Chris Cornell’s 2006 Interview on Audioslave, Addiction, and Reinventing Rock

Chris Cornell, former frontman of Soundgarden and Audioslave, passed away last night in Detroit at the age of 52. In the light of his passing, we are republishing our in-depth interview with Cornell, which originally appeared in the September 2006 issue of Spin.


On a warm June evening in the garden of a chi-chi Paris hotel, there are two Chris Cornells enjoying the fading sunshine. One is the fit, dark-haired 41-year-old former Soundgarden singer. The other is pudgy, blond, and you can’t help but notice, only six months old.

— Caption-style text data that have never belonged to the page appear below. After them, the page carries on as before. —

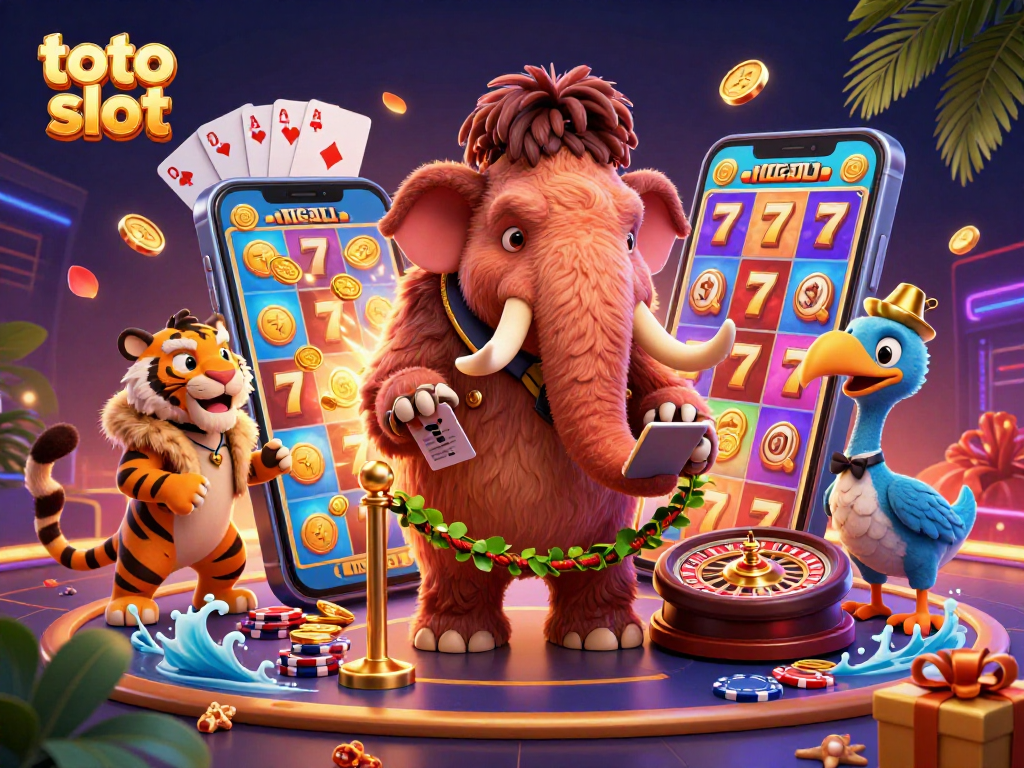 Join the fun at toto slot with a vibrant 3D scene featuring a woolly mammoth bouncer and a saber-tooth tiger VIP.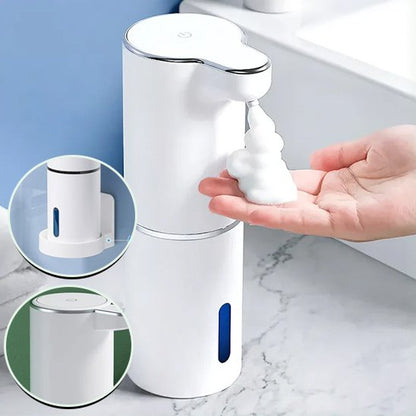 distributeur de savon automatique blanc plus deux images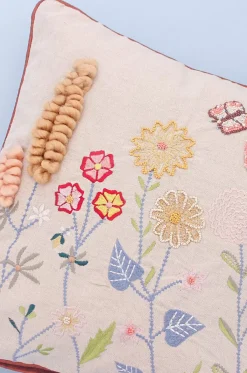 Ranunculus Embroidered Cushion Cover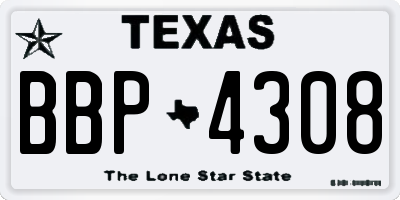 TX license plate BBP4308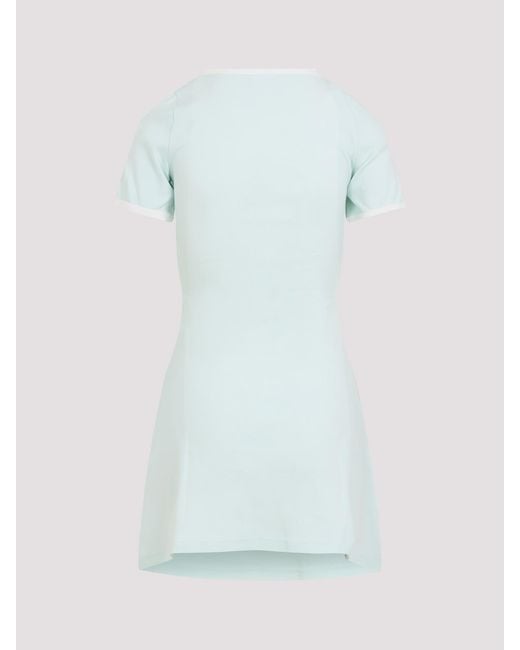 Courreges Blue Cotton Short Dress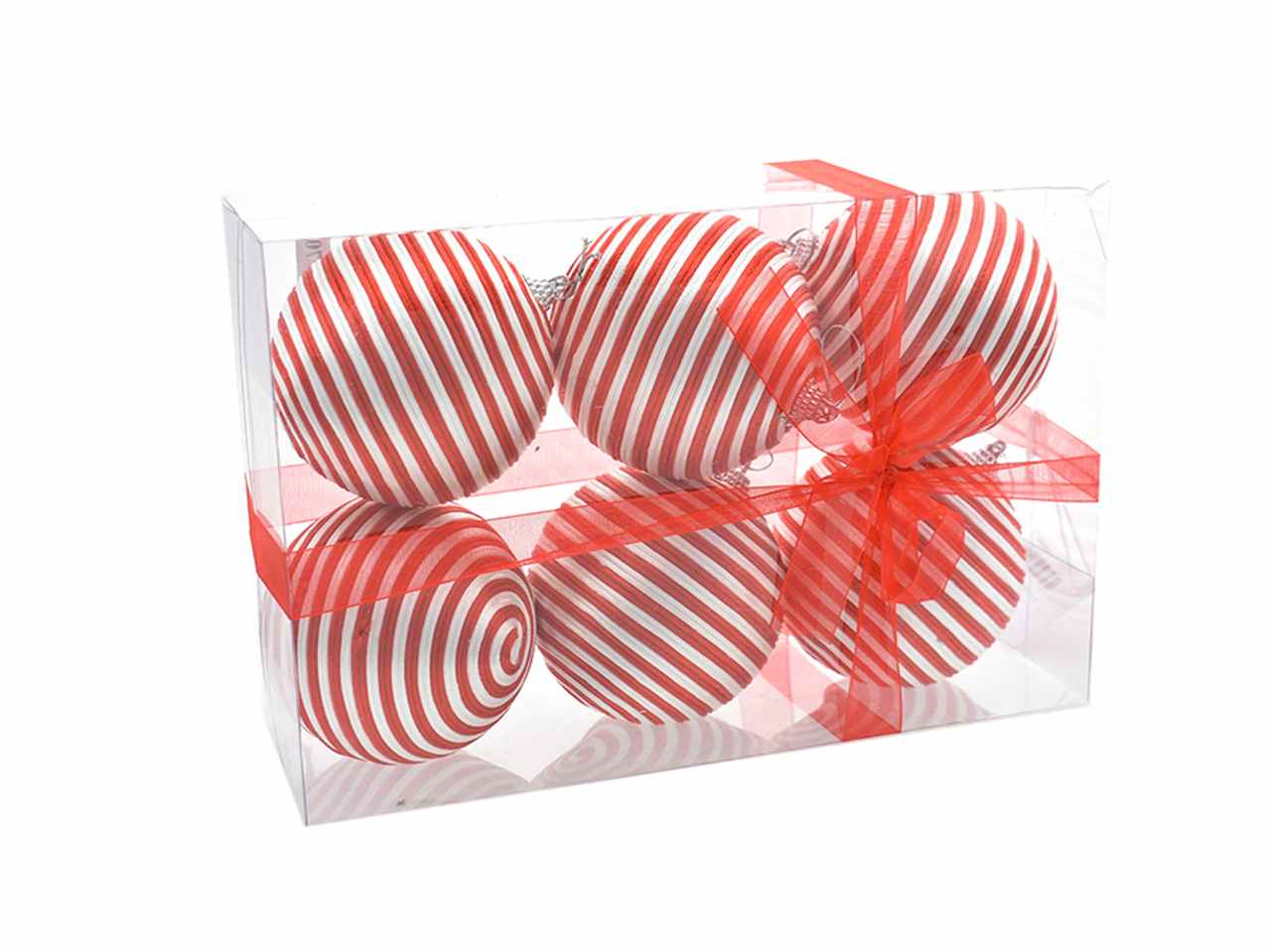 Palle 6 pezzi 9cm bianco/rosso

Cornell Sr.’s life has changed immeasurably in the five years since he teamed up with the rump of Rage Against the Machine to form Audioslave. He has a new home (Paris), a new wife (publicist Vicky Karayiannis), two new children (Toni, two, and Christopher Nicholas), a new business venture (a restaurant called Black Calavados), and a new sideline (as the face of John Varvatos’ menswear line). He’s also just completed the third Audioslave album, Revelations. Most significantly, four years ago he said goodbye to alcohol, his constant companion for 20 years. The benefits are written on his face; his blue eyes are as bright and clear as colored glass. “Everything looks better without it,” he says cheerfully, handing the baby back to Karayiannis. “Everything’s more fun.”

I remind him that we’ve met before, while he was promoting Audioslave’s first album. Back then, he was aloof and distracted, with a mocking, waspish sense of humor. It’s now apparent that, around that time, he was a full-blown substance abuser going through a bitter divorce from his first wife and former manager, Susan Silver. “Was I wasted?” he asks ruefully. “That would have been just before I went into rehab.” I tell him the contrast is reminiscent of those before and after pictures you see in diet ads. He gives a small smile. “I’m just glad there was an after.”

When did you move to Paris?

A couple of years ago. I met Vicky [who was living in Paris] on the first Audioslave tour, and I started coming back to Paris every time I had time off. I’d thought about living here for ten years, so that was kind of a coincidence. It’s been amazing to get out of my normal surroundings. In America you’re kind of trained from a little kid to get a leg up. On the one hand, that makes it easier to get things done, but in Paris people relax more.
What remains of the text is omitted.